Maybe there was a way to find out. “Can you get the Spiders to encode a message and send it to Earth?” I asked Bayta.
“If it’s simple enough,” Bayta said. “They’d prefer you to go to the message center and do it yourself.”
“I’d rather not be seen at the message center right now,” I told her. “Too many people might notice and wonder who I’m writing notes to. I just want a simple message sent to Losutu: ‘Verify Ackerley Morse’s bona fides—reply via Spiders.’ Sign my name and send it.”
“I suppose they can do that,” Bayta said, a little doubtfully.
There was the sound of footsteps behind us, and I turned to see Morse hurrying down the corridor. “No need to rush,” I called. “We’ve got your seat.”

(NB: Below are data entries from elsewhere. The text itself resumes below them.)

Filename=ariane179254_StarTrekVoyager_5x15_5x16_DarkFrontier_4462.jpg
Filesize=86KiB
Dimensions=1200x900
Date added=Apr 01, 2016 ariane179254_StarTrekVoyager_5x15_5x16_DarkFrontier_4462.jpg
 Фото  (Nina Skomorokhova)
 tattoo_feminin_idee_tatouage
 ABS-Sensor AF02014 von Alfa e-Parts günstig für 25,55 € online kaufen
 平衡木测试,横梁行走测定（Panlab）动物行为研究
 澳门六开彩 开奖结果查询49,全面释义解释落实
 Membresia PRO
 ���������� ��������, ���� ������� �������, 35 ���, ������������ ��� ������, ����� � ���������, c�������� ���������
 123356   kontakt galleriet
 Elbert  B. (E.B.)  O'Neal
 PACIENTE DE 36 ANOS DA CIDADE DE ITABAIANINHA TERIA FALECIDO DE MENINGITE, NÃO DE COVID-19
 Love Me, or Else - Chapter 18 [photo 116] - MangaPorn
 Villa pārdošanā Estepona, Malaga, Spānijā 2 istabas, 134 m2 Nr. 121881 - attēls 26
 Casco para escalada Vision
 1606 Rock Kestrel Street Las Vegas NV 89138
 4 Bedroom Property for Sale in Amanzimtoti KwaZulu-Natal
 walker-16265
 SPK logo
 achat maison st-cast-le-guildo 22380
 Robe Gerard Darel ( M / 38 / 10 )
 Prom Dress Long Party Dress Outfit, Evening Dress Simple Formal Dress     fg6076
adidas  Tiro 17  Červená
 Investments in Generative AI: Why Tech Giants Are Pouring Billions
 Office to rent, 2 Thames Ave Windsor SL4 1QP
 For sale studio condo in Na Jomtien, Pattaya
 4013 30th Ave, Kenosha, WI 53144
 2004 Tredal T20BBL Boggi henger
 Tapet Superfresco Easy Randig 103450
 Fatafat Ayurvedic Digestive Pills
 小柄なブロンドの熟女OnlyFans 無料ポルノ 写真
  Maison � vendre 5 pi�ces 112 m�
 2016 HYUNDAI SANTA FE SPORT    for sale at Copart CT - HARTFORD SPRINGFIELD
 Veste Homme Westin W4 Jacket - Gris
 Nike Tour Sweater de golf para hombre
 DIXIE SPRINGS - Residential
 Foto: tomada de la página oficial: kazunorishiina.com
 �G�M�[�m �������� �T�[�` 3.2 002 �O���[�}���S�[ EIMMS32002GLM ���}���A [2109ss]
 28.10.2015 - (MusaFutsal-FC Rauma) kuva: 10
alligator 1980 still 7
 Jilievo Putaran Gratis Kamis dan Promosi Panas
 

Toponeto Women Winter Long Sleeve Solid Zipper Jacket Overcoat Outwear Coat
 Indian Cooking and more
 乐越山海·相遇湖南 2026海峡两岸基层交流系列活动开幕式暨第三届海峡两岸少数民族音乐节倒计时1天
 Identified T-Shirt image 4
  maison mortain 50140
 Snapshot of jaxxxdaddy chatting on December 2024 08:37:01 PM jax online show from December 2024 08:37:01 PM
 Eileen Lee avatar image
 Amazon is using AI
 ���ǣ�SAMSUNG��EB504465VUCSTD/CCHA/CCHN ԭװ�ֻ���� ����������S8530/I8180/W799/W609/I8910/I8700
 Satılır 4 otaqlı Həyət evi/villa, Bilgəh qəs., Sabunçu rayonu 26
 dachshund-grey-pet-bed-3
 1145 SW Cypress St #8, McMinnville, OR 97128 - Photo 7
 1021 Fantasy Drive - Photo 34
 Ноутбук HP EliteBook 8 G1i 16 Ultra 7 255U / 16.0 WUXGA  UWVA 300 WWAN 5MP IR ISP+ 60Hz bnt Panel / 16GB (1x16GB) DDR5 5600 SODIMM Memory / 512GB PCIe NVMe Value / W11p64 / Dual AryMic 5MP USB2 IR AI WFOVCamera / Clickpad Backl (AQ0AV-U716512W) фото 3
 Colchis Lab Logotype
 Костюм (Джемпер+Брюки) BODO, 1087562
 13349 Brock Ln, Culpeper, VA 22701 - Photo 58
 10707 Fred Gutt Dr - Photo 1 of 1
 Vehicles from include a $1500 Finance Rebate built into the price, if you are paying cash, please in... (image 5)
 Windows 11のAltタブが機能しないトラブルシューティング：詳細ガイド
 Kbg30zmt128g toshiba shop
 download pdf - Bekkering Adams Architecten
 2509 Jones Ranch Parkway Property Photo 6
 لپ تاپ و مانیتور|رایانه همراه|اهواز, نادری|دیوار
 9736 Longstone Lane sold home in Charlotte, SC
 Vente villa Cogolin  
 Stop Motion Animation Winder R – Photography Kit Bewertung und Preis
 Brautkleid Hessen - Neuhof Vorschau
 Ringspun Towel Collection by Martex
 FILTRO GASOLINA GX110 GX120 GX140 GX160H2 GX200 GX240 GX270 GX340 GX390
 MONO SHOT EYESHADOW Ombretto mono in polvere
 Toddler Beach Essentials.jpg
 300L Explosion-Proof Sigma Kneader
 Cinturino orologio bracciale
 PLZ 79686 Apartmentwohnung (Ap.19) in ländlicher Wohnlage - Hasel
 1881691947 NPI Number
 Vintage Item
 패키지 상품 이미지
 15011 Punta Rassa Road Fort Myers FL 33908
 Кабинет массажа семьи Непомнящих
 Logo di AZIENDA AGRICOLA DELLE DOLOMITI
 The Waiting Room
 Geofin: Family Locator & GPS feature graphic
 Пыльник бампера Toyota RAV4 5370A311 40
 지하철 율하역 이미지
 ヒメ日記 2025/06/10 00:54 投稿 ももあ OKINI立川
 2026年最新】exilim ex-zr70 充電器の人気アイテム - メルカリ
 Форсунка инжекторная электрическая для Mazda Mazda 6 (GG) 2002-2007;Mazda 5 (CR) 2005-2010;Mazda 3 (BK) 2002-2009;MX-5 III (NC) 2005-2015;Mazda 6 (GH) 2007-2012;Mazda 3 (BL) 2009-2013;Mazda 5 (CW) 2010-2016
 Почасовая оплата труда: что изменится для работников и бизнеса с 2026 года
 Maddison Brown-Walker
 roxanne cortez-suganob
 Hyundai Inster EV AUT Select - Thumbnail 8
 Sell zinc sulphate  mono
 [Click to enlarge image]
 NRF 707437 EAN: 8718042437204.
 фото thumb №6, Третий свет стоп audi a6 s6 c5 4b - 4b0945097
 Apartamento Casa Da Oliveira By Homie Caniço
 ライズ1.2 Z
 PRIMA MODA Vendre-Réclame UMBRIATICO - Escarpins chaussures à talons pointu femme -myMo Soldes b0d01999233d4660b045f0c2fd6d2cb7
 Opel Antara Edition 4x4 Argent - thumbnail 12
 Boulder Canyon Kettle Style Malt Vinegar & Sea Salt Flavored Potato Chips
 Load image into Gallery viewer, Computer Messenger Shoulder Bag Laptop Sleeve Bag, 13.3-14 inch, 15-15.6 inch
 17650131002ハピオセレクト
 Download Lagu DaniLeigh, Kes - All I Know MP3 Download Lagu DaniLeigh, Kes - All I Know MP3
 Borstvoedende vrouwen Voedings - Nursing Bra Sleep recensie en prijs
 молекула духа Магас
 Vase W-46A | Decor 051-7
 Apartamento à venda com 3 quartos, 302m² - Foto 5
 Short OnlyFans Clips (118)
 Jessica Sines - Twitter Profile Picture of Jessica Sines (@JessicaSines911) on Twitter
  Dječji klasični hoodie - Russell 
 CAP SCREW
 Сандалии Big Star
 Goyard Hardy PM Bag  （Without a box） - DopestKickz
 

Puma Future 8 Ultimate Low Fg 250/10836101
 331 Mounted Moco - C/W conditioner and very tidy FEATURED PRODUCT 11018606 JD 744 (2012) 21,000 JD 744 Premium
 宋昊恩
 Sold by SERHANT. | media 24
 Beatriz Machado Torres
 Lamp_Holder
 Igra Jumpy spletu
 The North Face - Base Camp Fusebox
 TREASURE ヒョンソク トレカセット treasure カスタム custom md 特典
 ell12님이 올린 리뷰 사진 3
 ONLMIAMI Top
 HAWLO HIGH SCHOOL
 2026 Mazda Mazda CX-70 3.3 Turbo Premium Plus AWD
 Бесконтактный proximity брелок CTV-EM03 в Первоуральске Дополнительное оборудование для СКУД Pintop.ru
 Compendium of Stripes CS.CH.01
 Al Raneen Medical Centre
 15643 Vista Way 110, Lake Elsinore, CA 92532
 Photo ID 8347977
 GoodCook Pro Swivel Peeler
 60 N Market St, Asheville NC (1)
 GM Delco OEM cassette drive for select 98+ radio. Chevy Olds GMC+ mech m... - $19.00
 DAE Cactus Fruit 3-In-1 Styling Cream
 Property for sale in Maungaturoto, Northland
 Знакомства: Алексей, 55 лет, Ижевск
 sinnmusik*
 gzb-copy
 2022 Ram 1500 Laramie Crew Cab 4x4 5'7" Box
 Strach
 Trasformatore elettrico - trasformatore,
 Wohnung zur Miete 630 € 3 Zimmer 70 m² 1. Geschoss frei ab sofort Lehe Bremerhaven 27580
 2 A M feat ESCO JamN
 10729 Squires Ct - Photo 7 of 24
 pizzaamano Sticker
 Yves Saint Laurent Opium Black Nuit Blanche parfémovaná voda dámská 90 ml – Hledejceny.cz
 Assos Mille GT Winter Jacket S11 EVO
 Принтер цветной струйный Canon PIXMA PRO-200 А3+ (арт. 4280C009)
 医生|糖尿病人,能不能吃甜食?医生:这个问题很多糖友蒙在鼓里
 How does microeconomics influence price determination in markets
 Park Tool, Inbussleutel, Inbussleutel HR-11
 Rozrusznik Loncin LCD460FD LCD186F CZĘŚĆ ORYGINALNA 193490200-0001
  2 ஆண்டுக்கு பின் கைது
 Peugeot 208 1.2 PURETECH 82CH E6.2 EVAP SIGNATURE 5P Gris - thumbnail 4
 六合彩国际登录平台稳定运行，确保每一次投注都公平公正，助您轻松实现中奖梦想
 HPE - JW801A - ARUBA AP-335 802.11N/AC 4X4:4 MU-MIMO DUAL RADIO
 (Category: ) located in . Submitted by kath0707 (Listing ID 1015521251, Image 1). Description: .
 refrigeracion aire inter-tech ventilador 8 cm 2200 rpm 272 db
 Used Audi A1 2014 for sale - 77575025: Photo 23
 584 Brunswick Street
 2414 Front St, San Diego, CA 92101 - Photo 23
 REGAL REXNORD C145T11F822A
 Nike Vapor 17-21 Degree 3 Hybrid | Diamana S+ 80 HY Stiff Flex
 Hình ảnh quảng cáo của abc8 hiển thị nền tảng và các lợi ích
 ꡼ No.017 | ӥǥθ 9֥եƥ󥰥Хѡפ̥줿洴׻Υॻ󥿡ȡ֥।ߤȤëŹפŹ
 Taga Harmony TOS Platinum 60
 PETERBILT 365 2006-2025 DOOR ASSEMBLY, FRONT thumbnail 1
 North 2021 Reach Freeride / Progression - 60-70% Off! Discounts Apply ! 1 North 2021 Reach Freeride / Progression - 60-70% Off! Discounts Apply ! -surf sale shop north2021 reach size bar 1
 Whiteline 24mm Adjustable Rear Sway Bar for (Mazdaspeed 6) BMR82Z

His expression darkened. “I told you not to do that,” he growled. “You’re not coming with me.”
“No, you’re coming with us,” I clarified for him. “At least, if you want to catch up with Penny Auslander before she gets to Ian-apof.”
His eyes narrowed. “What’s that supposed to mean?”
“We’re getting her pulled off the train at either Homshil or Jurskala,” I told him. “Our train—”
“You’re getting her pulled off?”
“Our train leaves in two hours,” I went on, ignoring the question. “That gives us all time to get something to eat and compare notes a little.”
For another few seconds Morse continued to eye me. Then, his lip twitched. “You’ve already seen most of my notes,” he said. “And I don’t especially care about yours. You really booked me a seat?”
“The ticket can be picked up at the stationmaster’s office,” Bayta said.
“You’re not on this case,” Morse warned. “This is official Euro-Union business, and you aren’t involved in any way, shape, or form. Make very sure you understand that.”
“We’re just on the way to meet up with a friend,” I said, stifling a sigh. There was something about Morse’s attitude that was just plain tiring. “We just happen to be traveling on the same train as you, that’s all.”